Happy Floating Gardening!


January 5th, 2016

The year 2015 ended well for floating-garden-enthusiasts!

On 15 December, the Food and Agriculture Organization of the United Nations (FAO) declared floating gardening of Bangladesh as a Globally Important Agricultural Heritage System (GIAHS). This agricultural system has now become one of the 36 systems around the globe, and the first from Bangladesh. A GIAHS is essentially an outstanding land use system or a landscape that has been evolving with a community meeting their needs and desire for sustainable development.

Floating gardening is a traditional agricultural practice in the southern part of Bangladesh. In this farming system, rafts are made on stagnant waters with aquatic plants, mainly water hyacinth. On these platforms, crop seedlings are raised, and vegetables, spices and other crops are cultivated during monsoon. In winter, when water recedes from the wetlands, these rafts are dismantled and mixed with soil as compost to grow winter crops.

gathering produce from a floating garden 21778

In addition to supporting food and nutrition to rural Bangladeshis, this indigenous technology is a good tool for disaster management and climate change adaptation in the wetlands. Floating farming has also been an useful income generation option for wetland dwellers, thus their poverty alleviation, by managing aquatic resources.

Over the past few years, floating gardening has received much global attention, specifically as a means of adaptation to climate change. It has now found its place in the latest authoritative Fifth Assessment Report of the Intergovernmental Panel on Climate Change (IPCC). Practical Action’s work on floating gardening in Bangladesh is showcased by the UN Framework Convention on Climate Change (UNFCCC) as a farmer-led sustainable agricultural adaptation technology.

FAO’s latest recognition is a step forward to appreciate the contribution and opportunity of this indigenous technology to mitigating some basic global challenges, like food insecurity, extreme poverty and climate change. Such global appreciation is indeed a result of long-term efforts by many organizations, like, Practical Action, IUCN, CARE and Bangladesh Centre for Advanced Studies (BCAS), to name a few.

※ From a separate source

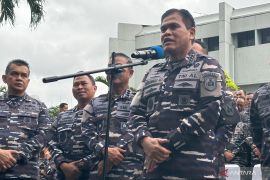 Pembongkaran pagar laut di Tangerang tersisa 8 kilometer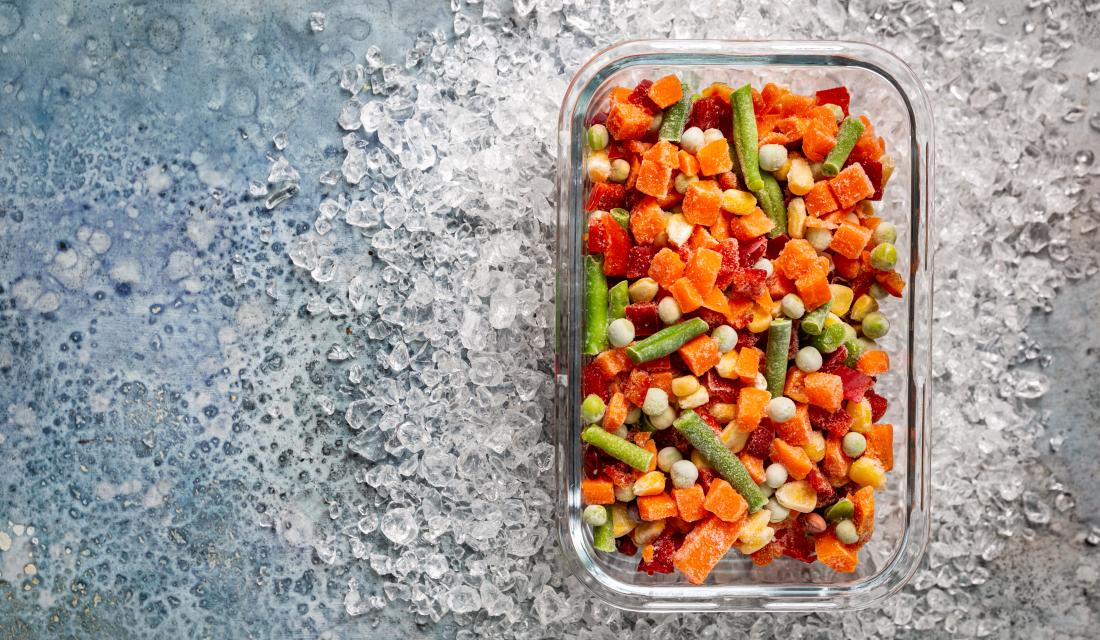 Gefrorenes gemischtes Gemüse in Glasdose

It is interesting to note that Bangladesh’s centuries-old floating gardening technology had never left its ‘centre of origin’ − a small area of about 25 sq km − until NGOs started promoting it in the late 1990s. This is particularly fascinating since about 50% of Bangladesh’s 147,570 sq km is basically wetlands.

The recent robust promotion of floating gardening is an excellent example of how an indigenous technology can transform  poor people’s lives as an innovation − in new areas, to meet new challenges. There, however, has not been any assessment per se to check if floating gardening is really a sustainable option under changing climate. Such testing is very logical as the growth and survival of water hyacinth is very much dependent on amount of rainfall, length of flooding period, and salinity of water − all to be affected by climate change.

The need for research on floating gardening has repeatedly been raised in recent years. But very limited studies on floating agriculture, however, do not match the overwhelming interest in and increasing recognition of this technology.

It may be argued that floating agricultural practice has reached its pinnacle in Bangladesh by being in practice over centuries. But ever-changing climate and hydrology, people’s economic conditions and aspirations, and our development approaches have been continuously changing the face of floating gardening in newly introduced areas. To cope with these changes and uncertainties, promotion of floating gardening should be backed by organized innovation, planned research, and effective knowledge management.

As we start 2016, floating gardening gives us a fantastic opportunity to go about nature-based solutions to basic development challenges − extreme poverty, food insecurity, climate change − duly supported by evidence, not only by emotion.

Dr. Haseeb Md. Irfanullah is the programme coordinator of IUCN in Bangladesh. He is the former disaster risk reduction and climate change programme lead of Practical Action in Bangladesh. Haseeb can be reached at hmirfanullah@yahoo.co.uk

2 responses to “Happy Floating Gardening!”

  1. Catherine Baart Says:

    I am a teacher and in Geography our topic this term is India. We had a lesson about the affects of the monsoon and I challenged them to think of ways to protect crops in monsoon floods. I then showed them information on floating gardens from Practical Action and they were really interested and intrigued. A video would be really well received if one is available.
    I am a regular supporter of Practical Action and use your materials in lessons whenever possible.